Your task is to repeat exactly the lines below between the line holding "Elongated Smart Toilet" and the line holding "Michael Kors Parker", inclusive, and only those.

═══ Material provided ═══

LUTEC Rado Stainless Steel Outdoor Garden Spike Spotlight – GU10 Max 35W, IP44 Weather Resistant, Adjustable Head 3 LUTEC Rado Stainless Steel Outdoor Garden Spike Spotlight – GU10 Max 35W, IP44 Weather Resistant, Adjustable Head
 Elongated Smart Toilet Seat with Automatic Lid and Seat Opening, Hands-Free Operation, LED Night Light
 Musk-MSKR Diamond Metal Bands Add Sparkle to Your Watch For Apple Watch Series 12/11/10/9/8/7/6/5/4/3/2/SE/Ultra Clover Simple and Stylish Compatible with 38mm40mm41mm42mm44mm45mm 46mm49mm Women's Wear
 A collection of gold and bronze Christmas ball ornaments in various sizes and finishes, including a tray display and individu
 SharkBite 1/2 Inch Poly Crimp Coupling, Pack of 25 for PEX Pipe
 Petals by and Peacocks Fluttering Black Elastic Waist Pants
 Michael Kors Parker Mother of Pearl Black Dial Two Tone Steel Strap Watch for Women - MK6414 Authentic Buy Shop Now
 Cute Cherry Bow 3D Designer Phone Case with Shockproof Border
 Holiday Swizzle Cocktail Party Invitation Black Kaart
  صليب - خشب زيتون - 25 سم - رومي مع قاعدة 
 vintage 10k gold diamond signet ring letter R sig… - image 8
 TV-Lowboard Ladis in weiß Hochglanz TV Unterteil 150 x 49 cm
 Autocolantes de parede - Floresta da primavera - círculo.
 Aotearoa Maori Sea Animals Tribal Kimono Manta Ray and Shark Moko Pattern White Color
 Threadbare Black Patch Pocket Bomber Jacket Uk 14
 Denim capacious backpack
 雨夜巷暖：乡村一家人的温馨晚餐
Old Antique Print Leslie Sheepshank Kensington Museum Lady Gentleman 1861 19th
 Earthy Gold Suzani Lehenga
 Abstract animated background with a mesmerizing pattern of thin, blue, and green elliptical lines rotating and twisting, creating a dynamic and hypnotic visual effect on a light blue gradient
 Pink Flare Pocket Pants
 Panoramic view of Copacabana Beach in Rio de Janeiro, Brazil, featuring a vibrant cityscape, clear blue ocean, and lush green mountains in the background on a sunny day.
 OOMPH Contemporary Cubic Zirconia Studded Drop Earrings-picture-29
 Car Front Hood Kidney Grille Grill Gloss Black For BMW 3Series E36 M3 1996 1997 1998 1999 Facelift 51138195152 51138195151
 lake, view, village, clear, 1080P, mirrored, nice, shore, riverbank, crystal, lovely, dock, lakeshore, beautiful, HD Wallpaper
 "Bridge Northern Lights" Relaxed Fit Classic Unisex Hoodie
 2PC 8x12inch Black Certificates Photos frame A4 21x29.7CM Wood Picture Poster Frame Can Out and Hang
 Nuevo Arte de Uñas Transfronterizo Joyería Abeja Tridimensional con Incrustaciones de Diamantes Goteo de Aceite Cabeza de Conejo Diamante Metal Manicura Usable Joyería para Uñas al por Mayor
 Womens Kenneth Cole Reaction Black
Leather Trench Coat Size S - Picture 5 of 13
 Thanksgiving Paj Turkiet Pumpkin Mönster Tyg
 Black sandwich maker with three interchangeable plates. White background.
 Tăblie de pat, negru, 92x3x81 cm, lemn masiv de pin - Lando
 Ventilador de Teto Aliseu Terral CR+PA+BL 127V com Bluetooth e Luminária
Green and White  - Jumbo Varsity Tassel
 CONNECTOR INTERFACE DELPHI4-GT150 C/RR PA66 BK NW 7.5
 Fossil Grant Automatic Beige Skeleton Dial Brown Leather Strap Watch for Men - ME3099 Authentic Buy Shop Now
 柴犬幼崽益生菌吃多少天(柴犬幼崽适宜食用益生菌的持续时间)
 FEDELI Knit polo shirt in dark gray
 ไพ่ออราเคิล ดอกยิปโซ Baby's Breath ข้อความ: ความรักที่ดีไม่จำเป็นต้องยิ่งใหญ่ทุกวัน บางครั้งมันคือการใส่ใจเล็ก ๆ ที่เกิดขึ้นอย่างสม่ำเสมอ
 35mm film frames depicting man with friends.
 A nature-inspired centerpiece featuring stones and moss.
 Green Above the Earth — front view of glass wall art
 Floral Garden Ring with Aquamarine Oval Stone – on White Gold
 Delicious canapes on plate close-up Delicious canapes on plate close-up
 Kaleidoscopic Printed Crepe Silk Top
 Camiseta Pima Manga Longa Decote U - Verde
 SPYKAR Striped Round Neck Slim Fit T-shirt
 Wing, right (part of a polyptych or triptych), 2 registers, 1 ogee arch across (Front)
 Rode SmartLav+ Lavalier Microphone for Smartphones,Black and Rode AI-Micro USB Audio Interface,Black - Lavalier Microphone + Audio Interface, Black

═══

Task answer -
 Elongated Smart Toilet Seat with Automatic Lid and Seat Opening, Hands-Free Operation, LED Night Light
 Musk-MSKR Diamond Metal Bands Add Sparkle to Your Watch For Apple Watch Series 12/11/10/9/8/7/6/5/4/3/2/SE/Ultra Clover Simple and Stylish Compatible with 38mm40mm41mm42mm44mm45mm 46mm49mm Women's Wear
 A collection of gold and bronze Christmas ball ornaments in various sizes and finishes, including a tray display and individu
 SharkBite 1/2 Inch Poly Crimp Coupling, Pack of 25 for PEX Pipe
 Petals by and Peacocks Fluttering Black Elastic Waist Pants
 Michael Kors Parker Mother of Pearl Black Dial Two Tone Steel Strap Watch for Women - MK6414 Authentic Buy Shop Now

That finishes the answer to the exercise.